Which is just as well, as most of LeBron’s new teammates are only marginally older (of course, I exaggerate) than his kids. He joins the likes of Lonzo Ball, Josh Hart, Brandon Ingram and Kyle Kuzma, all of whom have been drafted in the past couple of years. He’ll also be playing alongside NBA Champion (yeah, you read that right) JaVale McGee (who reportedly joins L.A. on a one-year minimum contract), old enemy Lance Stephenson (who reportedly joins for one-year at $4.5 million) and Kentavious Caldwell-Pope:

These are smart moves by the Lakers front office, who’ve quickly added three veteran role players to the roster on short-term, cap friendly deals. The reason? They may struggle to add anyone else.

LeBron was always going to be the big fish, but Paul George signing with the Oklahoma City Thunder means that the Lakers options this summer are limited. Best case, they may be able to pry Kawhi Leonard away from San Antonio. Worst case, they add a couple more solid role players on flexible deals and hold off until next summer.

Because, remember, that’s when Leonard becomes a free agent. That said, he has, according to Woj, been very vocal about his desire to join the Lakers:

But, recent developments will most likely have driven Kawhi’s price up and one suspects that if the Lakers really want him now they’ll have to pay big (and potentially involve another team to make the deal work). Arguably this shouldn’t be a huge problem. The likes of Lonzo, Hart, Ingram and Kuzma are just potential at this stage and if you can swap that for a bonafide superstar you do it. Don’t forget that they had a chance to do exactly that with George last summer but didn’t, assuming he’d sign with them no matter what this offseason (which worked out rather well for OKC).

What the Lakers will need is an assurance from Kawhi’s camp that he’d be happy to sign there long-term. If Magic and co. are then able to surround the two with decent contributors they could be in for a decent 2018-19 campaign, followed by a summer spent doing whatever it takes to go out and get ready to go after the Warriors / whoever the following year.

The alternative scenario sees them employ patience, re-signing Julius Randle and bolstering further this summer, before attempting to get Kawhi in free agency next.

And, as ESPN reports, James is in no rush to get things done:

“A source told [Ramona] Shelburne that the Lakers felt a sense of urgency this week to find a co-star to play alongside James, either through free agency with George or through a trade for Leonard. Johnson went to one of James’ houses in Los Angeles late Saturday night and met with him for several hours, sources told Shelburne. However, when Johnson spoke to James and James’ camp at the opening of free agency, James assured the Lakers that this was a long-term play for him and his decision wouldn’t be affected by a single transaction the Lakers could make under time pressure.”

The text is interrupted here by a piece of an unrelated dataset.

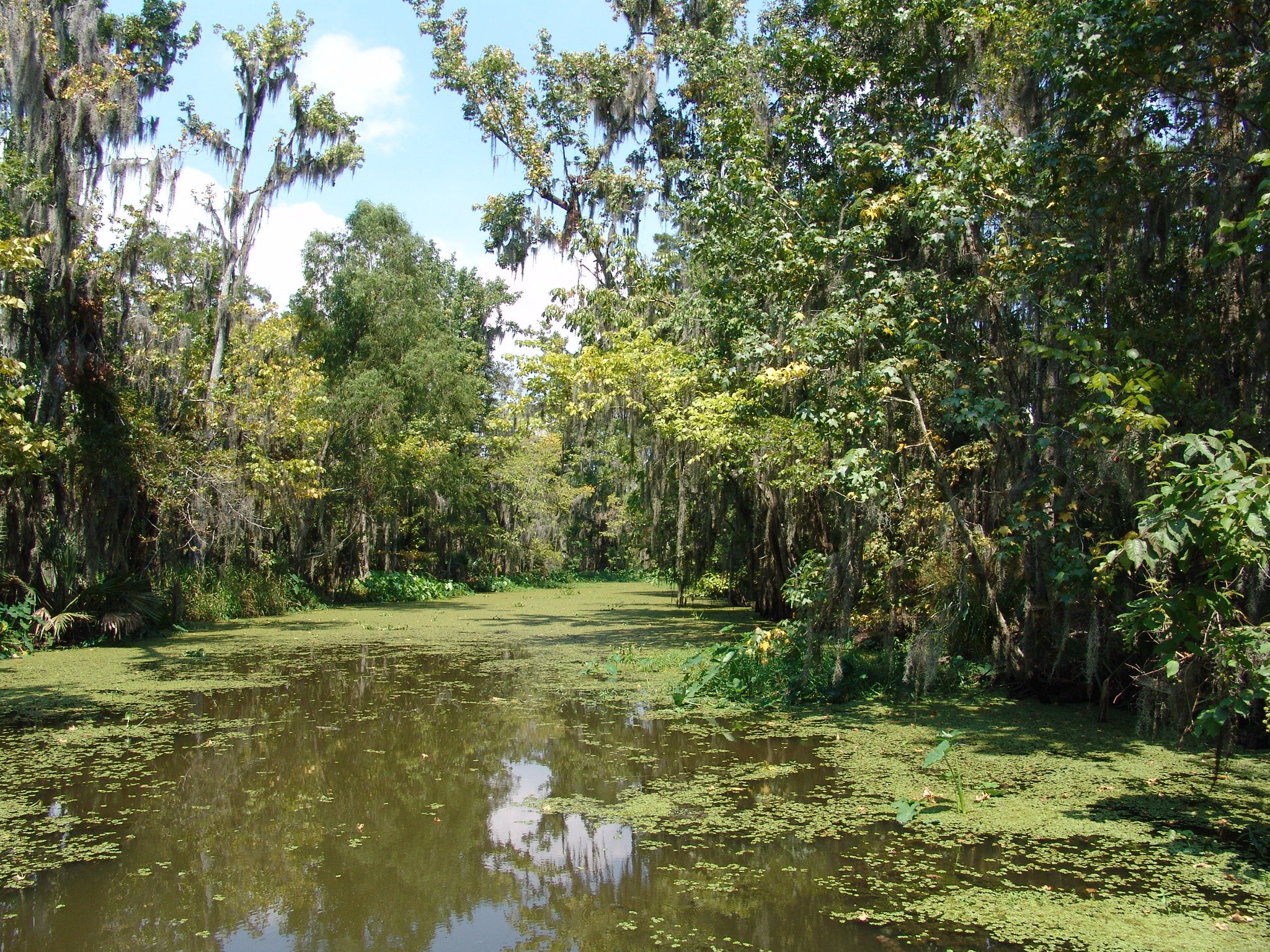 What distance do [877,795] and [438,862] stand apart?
7.64 feet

The key will be to surround James with the right players, while trying to maintain as much financial flexibility as possible. Still, it’s important to remember that the King gets what the King wants and although he delivered the championship his hometown fanbase wanted so badly in Cleveland, he leaves the franchise in a pretty dire state (courtesy of Dan Gilbert, or so we’ve been led to believe).

The Lakers fanbase (which has, by all accounts, just doubled, or perhaps even tripled – sorry!) won’t be thinking that far ahead at this stage though. They’ll be thinking about how awesome the next three or four years are going to be, not to mention the titles to which their franchise is entitled simply by virtue of being the Lakers.

Whatever happens, all eyes will be firmly focused on L.A. for the next few years as the best player in the game balls out for one of its most storied franchises.

What could possibly go wrong?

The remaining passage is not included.